Apple: not so innocent
by John Kananghinis
For anyone who still laboured under even the slightest illusion that what one does in cyberspace/the cloud/the Internet is in anyway secure and private have a look under U2 in your iTunes library.
Apple dispelled any fanciful and naïve notion of online privacy with their September 9 mass release of the latest U2 album onto any device connected to iTunes.
Don’t get me wrong, I think Songs of Innocence is great, and so does my 13 year old. I also think it’s a very clever play by both Apple and U2. For all the noise from the professional chatterers and critics the fact remains that 33 million people listened to the new album in the first six days alone. Name another dinosaur band that can get that number of ears inside a week?
Apple acknowledges that sometimes they will do things that please some people and not please others, but in the end they are happy to have all as part of the ‘Apple Community’. Ultimately Apple used their platform to give us a gift. If we don’t like it we can just leave it in the proverbial sock draw along with all the other “Dad Day” contributions.
The important lesson here is that anything online is in a communal space that is controlled by those who set up the community be it Apple, Google or Microsoft. The communal online space is also open to anyone whom they allow access to, or those who can hack their way in.
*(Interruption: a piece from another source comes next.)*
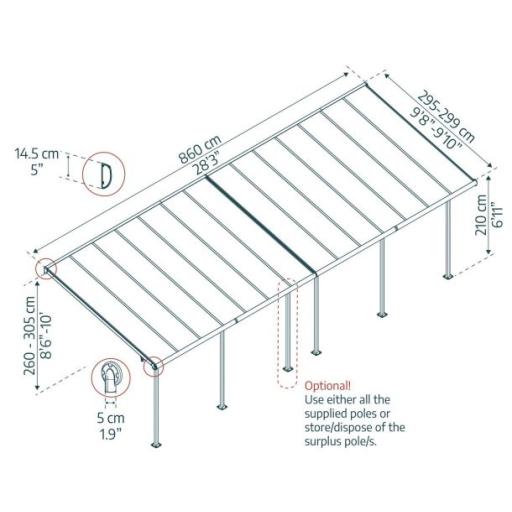 Sierra Patio Cover 3m x 8.6m - Grey Aluminium Frame & Clear Polycarbonate
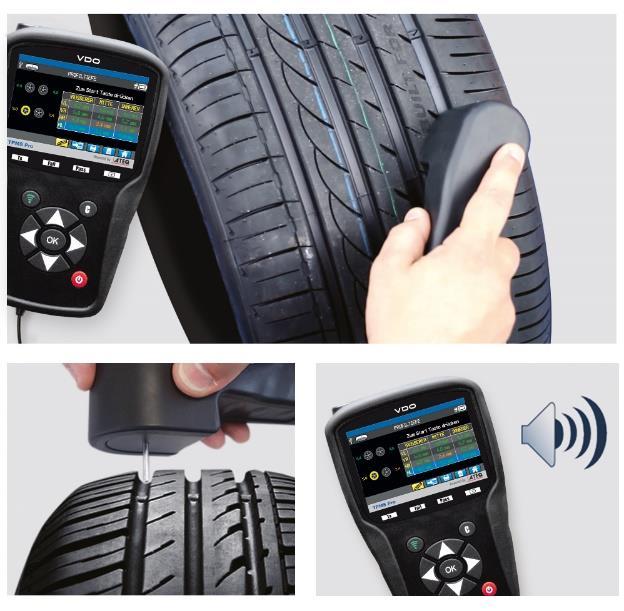 maintenance. With just one hand, the TTD allows the detection of worn or damaged tires and can even indicate balancing errors.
Apple CEO Tim Cook recently differentiated the Apple business model from that of Google, Facebook and others, by saying: “A few years ago, users of Internet services began to realise that when an online service is free, you’re not the customer, you are the product. Our business model is very straightforward: We sell great products. We don’t build a profile based on your email content or web browsing habits to sell to advertisers. We don’t “monetise” the information you store on your iPhone or in iCloud. If you want stuff to be private it needs to be private.”
An important distinction, but none-the-less, it is Apple’s ecosystem and not your private space. In the commercial world nothing can be truly for free, not if it is to be sustainable.
Certainly something to think about when next conducting your online/social media activities.